La mayoría de las sociedades han
rendido culto, venerado y respetado, más a los sacerdotes
y a los políticos o guerreros, que a los grandes
científicos, poetas y artistas. Cuando los miembros
más preclaros de las generaciones siguientes se dan cuenta
de que Dante, el Marqués de Sade, Galileo o Fray Luis de
León, pasaron por la cárcel, que Sócrates,
Savonarola o Giordano Bruno fueron condenados a muerte, que
Modigliani, Cervantes o
Marx, vivieron
en la mayor penuria y con la mayor escasez, que
Billie Holliday vivió entre el hambre y el racismo, que
Rousseau tuvo
que ganarse la vida como copista de música y Spinoza como
pulidor de lentes; sufren un complejo de culpabilidad
que, en lugar de llevarlos a ensalzar, cuidar, proteger y
venerar, a los genios de su época, esto es, en lugar de
evitar que José Agustín Goytisolo (presuntamente)
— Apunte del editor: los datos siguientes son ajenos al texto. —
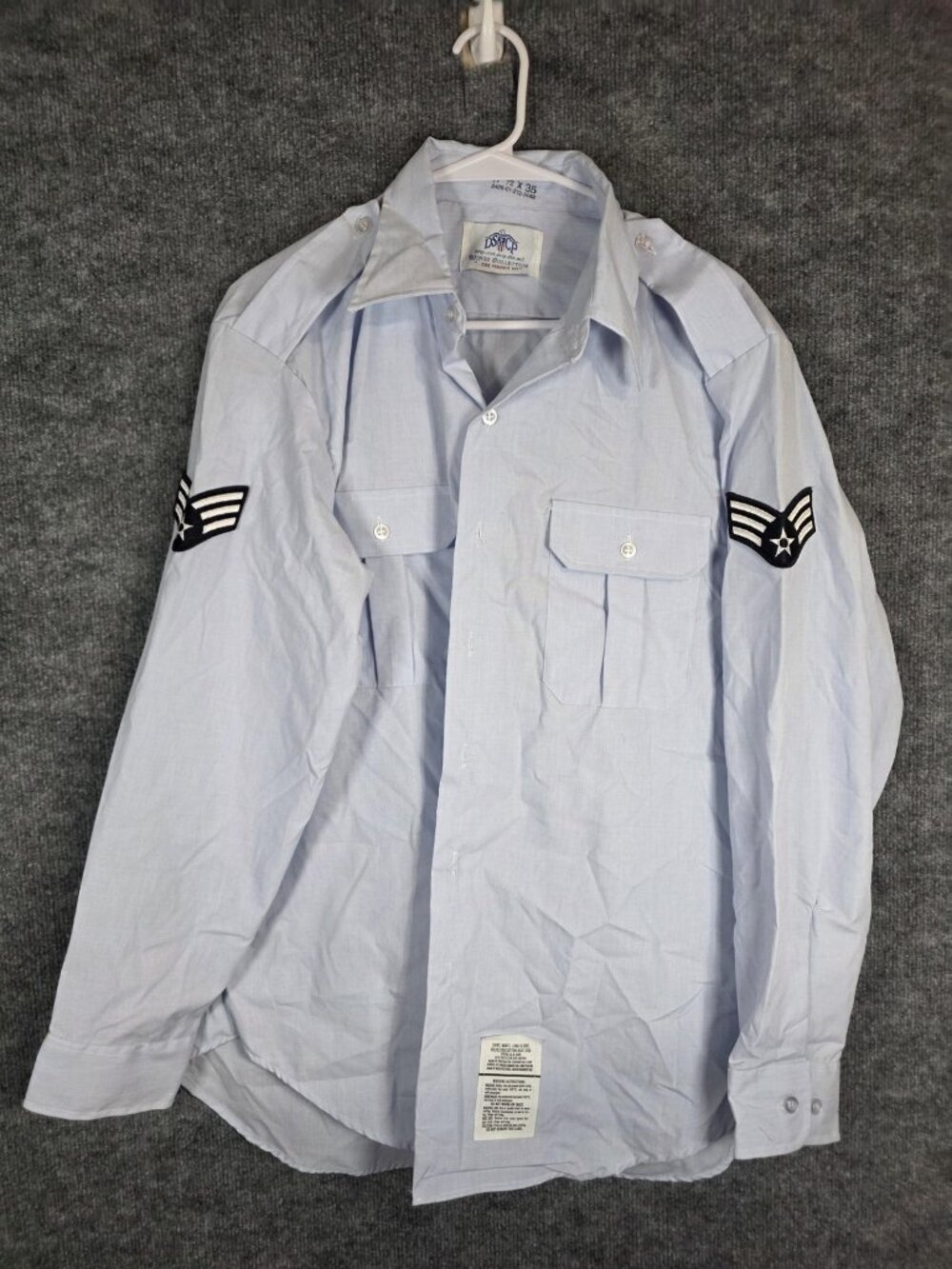 DSCP Dress Shirt Mens 17.5 X 35 Blue 1550 Long Sleeve Air Force Uniform Stain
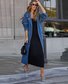 Casual Plain Shawl Collar Trench Coat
se arroje por la ventana, les lleva hacia la convicción de
que las calamidades tuvieron algún sentido, de que gracias
a la penuria y a la incomprensión un hombre es
capaz de crear. Los burgueses de la actualidad llegan a pensar
que la tortura es inspiradora de las musas, que la ignorancia y
la indiferencia ante la obra es lo que hace grande a un artista,
de ese modo justifican su mediocridad al pensar que su vida llena
de comodidades les ha impedido llegar a tener talento creativo.
No se dan cuenta de que son ellos y su sociedad los
que hacen que quien no se someta pague un alto precio por su
libertad.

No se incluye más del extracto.